One of Hank Williams' lesser-known gems. This may be the archetypal country song, with themes of trains, prisons, violent crime and lost love.
We love the early bluegrass tradition of mandolin and guitar duets. Tom first heard this old Blue Sky Boys number performed by Doc and Arnold Watson.
Neil learned this beautiful lament from the singing of Paul Brady. It was written in the United States, brought back to Ireland, and collected years later by Irish folklorists. In the 1860s, the Irish were easy targets for unscrupulous Civil War recruiters, since the Irish economy was still ravaged by the potato famine. Recruiters for the Confederate Army neglected to tell the recruits that wages would be paid in Confederate scrip, which by 1864 was nearly worthless. Many deserted, and headed to seaports to find passage back to Ireland.
Tom wrote this with a nod to the century-old tradition of genteel parlor music played on the banjo. His wife, Susanne, is from Schoharie County, New York, and this tune is dedicated to her.
From the fertile, if bizarre, mind of Uncle Dave Macon, the first real star of the Grand Ole Opry. We first heard this tune at the Club 47, in the early 60s; it was a staple of Bob Siggins, banjo player with the Charles River Valley Boys.
Recorded by G. B. Grayson and Henry Whitter in the late '20's, this stark tale of a footloose hero and young love gone wrong, with its eerie accompaniment, exemplifies everything that was attractive about old-time music to our sheltered, suburban adolescent minds forty-five years ago.
This old comic ballad has been found in Britain (sung by Jeannie Robertson), the Appalachians (Uncle Eck Dunford, Sarah Ogan Gunning), and the Adirondack Mountains (Larry Older).
Originally recorded as "Chattanooga Blues" by Ida Cox in 1927. Clarence Greene, a white fiddle player with Byrd Moore's Hot Shots, changed a few lyrics, retitled it and recorded it a year later. Greene reportedly learned to play blues guitar from the legendary Blind Lemon Jefferson.
Tom learned this from the singing of the Low Gap, N.C. fiddler Tommy Jarrell. It's the kind of song that gives crime a bad name.
Recorded by Lead Belly in Austin, Texas in 1949. Tom learned it from Happy Traum, and it's also been recorded by our old friends Jay Ungar and Molly Mason, by Jim Kweskin of Jug Band fame, and by Lonnie Donegan, the king of British skiffle music.
Neil learned this song from Bill Nixon, a wonderful singer and guitarist on the Cambridge folk scene in the 1960's. This was originally
a broadside written during the Gold Rush, and published for homesick miners, who would pay dearly for anything that sang of their hardships.
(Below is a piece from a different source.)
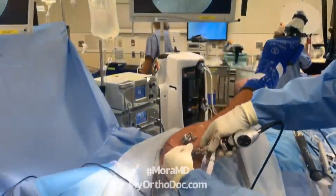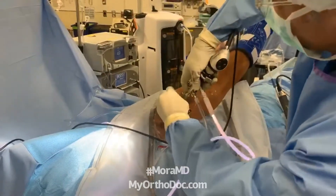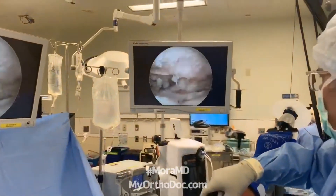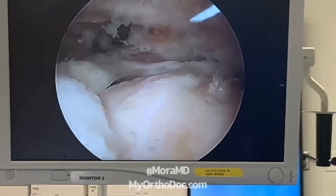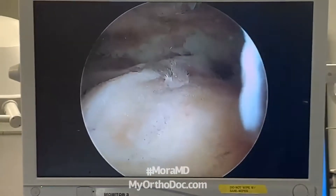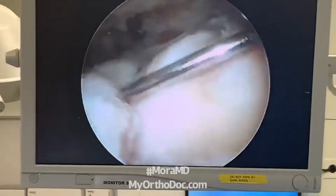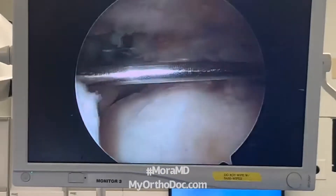Now I can do a little switcheroo — I take my camera from this viewing portal, which is not in the ideal spot, and I move it over here. Now I have a better view of my tear, and I'm thinking about how I'm going to repair this tendon. I'm going to create another portal right here so that I can grab this tendon and pull it that way.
Though we learned this from the New Lost City Ramblers, it's originally from a 1937 recording by the Dixon Brothers. Some of the lyrics echo the wave of Puritanism that was prevalent during the late Victorian era. The line "She had the tables all dressed up, had britches on the legs" refers to the prudish practice of covering ornate carved table and piano legs with cloth leggings due to their supposed resemblance to the shape of a female ankle.
Neil sang this for years in the archaic two-chord version that most folks know. In the 1990s, he heard his friend Dave Howard sing the song with a very different tune. Neil liked it and started to sing it Dave?s way. Years later, Dave heard Neil do the song and said afterwards, "Y'know, I don't sing that song anything like you just did it." Some might attribute that change to failing memory; we prefer to call it "the folk process."
Tom learned this from Paul Geremia thirty years ago, during a break from surf fishing — and over a glass or two of Old Fitzgerald. It was popularized by the great medicine show performer, Pink Anderson. There are many similar tunes in the blues tradition, all deriving from folk tales of a black trickster hero with supernatural power — but normal human temptations.
We originally heard this sung by Joan Baez, who recorded it on her first Vanguard album. We were always struck by the austere beauty of the melody and the poetry of the lyrics. Neil forgot this tune for nearly forty years. Then, while he was driving home from a gig late one night, it sprang back into his mind; he created a simpler arrangement for the traditional instrumentation of the old-time string band.
Neil wrote this for his late wife, Donna, who passed away in 2007. She loved to dance, while Neil preferred to play — so he wrote this tune for her to dance to.
This is an example of a Southern gospel tune that found its way from the family songbook in the parlor to the bluegrass repertoire. For Artie Traum.